Les plateformes en ligne devront également veiller à mettre en place des fonctionnalités assurant une transparence sur l’utilisation de publicité (qu’elle soit ciblée ou non), que ce soit pour permettre aux consommateurs de comprendre qu’ils en font l’objet ou aux entreprises qui souhaitent en faire de communiquer en toute légalité. La publicité ciblée sur base de profilage de données sensibles est expressément interdite. 

Interdiction globale des dark patterns et l’importance de la clarté 

Le DSA est le premier texte européen faisant explicitement référence à l’interdiction d’utiliser des dark patterns / interfaces trompeuses.. mais mentionne cela uniquement dans le préambule (au niveau du considérant n°67).

Il fait également de nombreuse références explicites (comme mentionné pour les conditions générales, par exemple) à l’obligation de communiquer dans un langage clair et compréhensible. 

C’est probablement une bonne occasion pour ces plateformes d’adopter l’utilisation du Legal Design aussi bien dans leur communication que dans la construction de leur interface.. et pour vous, c’est un argument supplémentaire pour convaincre votre hiérarchie d’adopter cette technique dans ses propres communications et outils à destination du public. 

C’est en tout cas la méthode utilisée par Admeet pour construire ses outils RGPD pour piloter les politiques de confidentialité et de cookies de son site web afin de vous aider dans votre mise en conformité RGPD et EPrivacy.

DSA : Les sanctions

Les sanctions prononcées devront toujours être “effectives, proportionnées et dissuasives”. 

  • Amende jusqu’à 6 % du chiffre d’affaires mondial annuel pour un
    • non respect d’une obligation du DSA
    • pour les très grandes plateformes : ne respectent pas une décision de prise de mesures provisoires ou un engagement rendu contraignant.
  • Amende jusqu’à 1 % du chiffre d’affaires mondial annuel  en cas de
    • fourniture d’informations inexactes, incomplètes ou trompeuses ;
    • absence de réponse ou la non-rectification d’informations inexactes, incomplètes ou trompeuses ;
    • manquement à l’obligation de se soumettre à une inspection ;
    • pour les très grandes plateformes : ne répondent pas aux demandes d’information, ne respectent pas les mesures adoptées par la Commission ou les conditions d’accès au dossier.

Des astreintes sont également possibles (jusqu’à 5 % des revenus ou du chiffre d’affaires mondial journaliers moyens) en cas de non-exécution des mesures prises dans la décision.

Les très grandes plateformes sont directement sanctionnées par la Commission, alors que les autres fournisseurs de services en ligne sont sanctionnés par l’état membre où le fournisseur a son établissement principal. 

La Commission peut aussi sanctionner «toute autre personne» physique ou morale qui est susceptible d’avoir des informations sur une infraction présumée et qui ne collabore pas (amende ou astreinte).

Conclusion : Et le rôle du DPO dans tout ça ?

Notre objectif n’est pas de vous mettre la pression en ajoutant tous les enjeux de la stratégie numérique européenne sur la longue liste des missions déjà confiées au DPO. 

Il est néanmoins certain que votre entreprise se retrouvera impactée par ce remodèlement progressif de l’espace numérique tel que nous sommes en train de le vivre.

Par conséquent, aider votre entreprise à comprendre où elle se situe par rapport à ces textes lui apportera une énorme valeur ajoutée.
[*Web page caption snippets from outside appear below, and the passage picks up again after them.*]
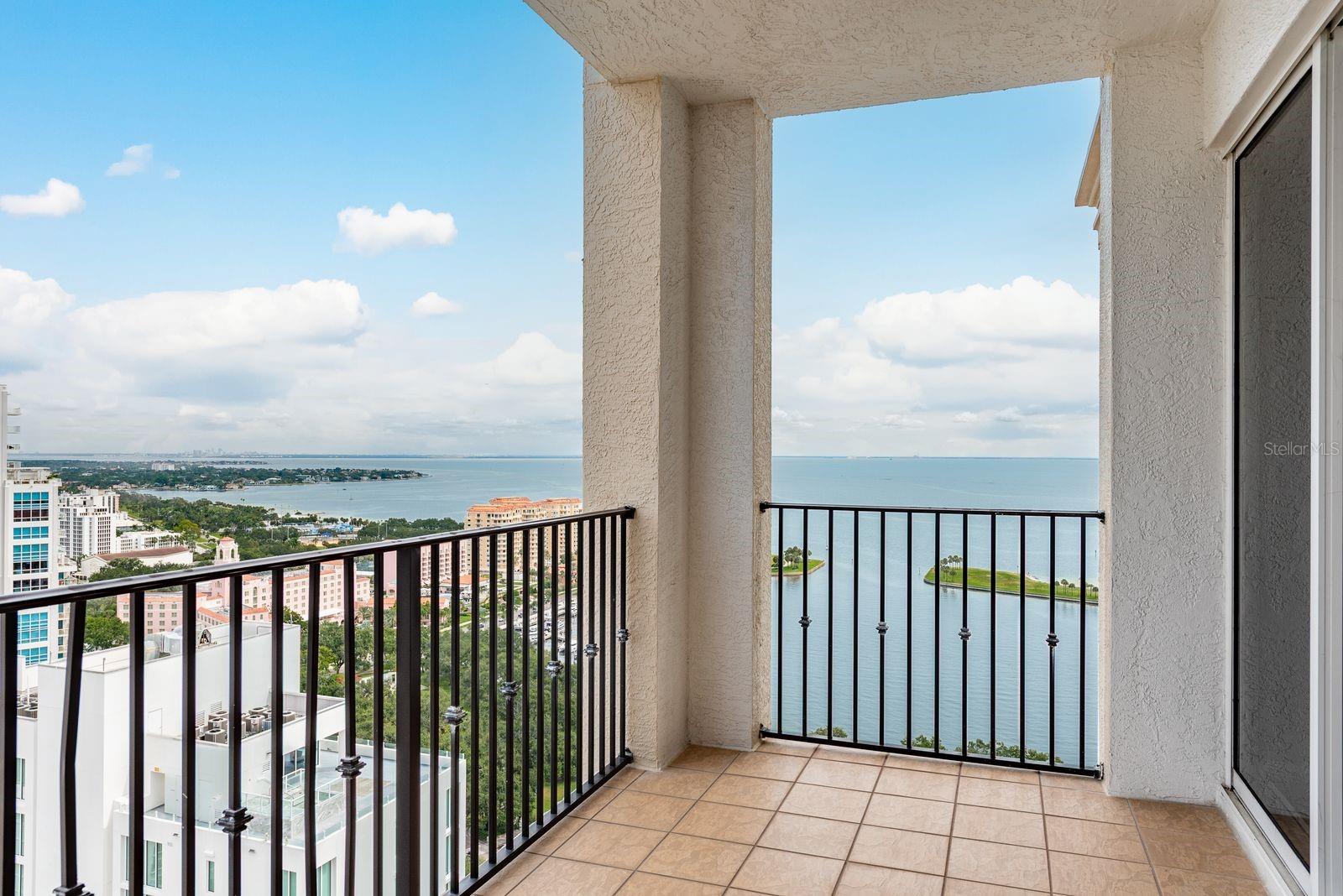 Image 40 of 71 For 300 Beach Drive Ne 2601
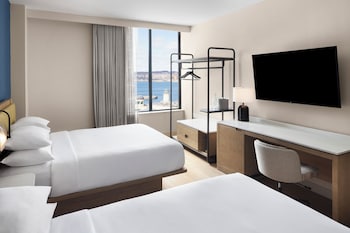 Guest room, 2 Queens, Harbour View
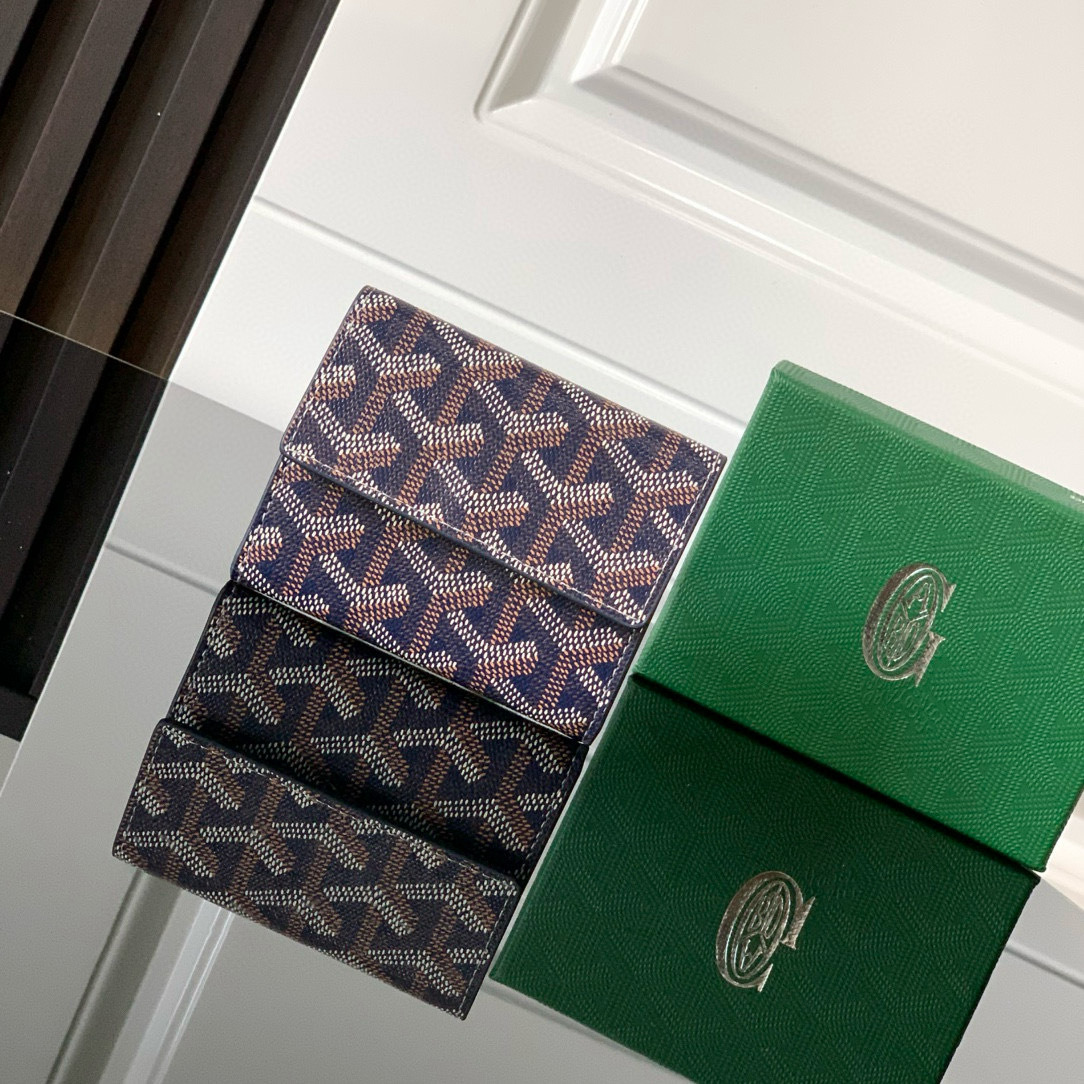 Accessories Wallets — d18205a7 Angle 1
Elle pourrait devoir mettre en place des actions car elle fournit des services en ligne ou elle pourrait vouloir être attentive au respect du DSA (par exemple) par ses fournisseurs de services en ligne, afin d’éviter de mauvaises surprises.

La bonne approche selon nous ? Pouvoir mentionner au management de votre entreprise l’existence des enjeux couverts par le DSA et souligner l’idée qu’une autre fonction en interne s’empare de ces thématiques.

En effet, cette approche proactive de votre part pourrait contribuer à ce que vos collègues vous impliquent plus systématiquement avant le démarrage des projets brassant nouvelles technologies et données. 

Le but final ? Pouvoir vous assurer que la voix de la personne concernée, l’individu dont les données personnelles seront exploitées, ne soit pas oubliée.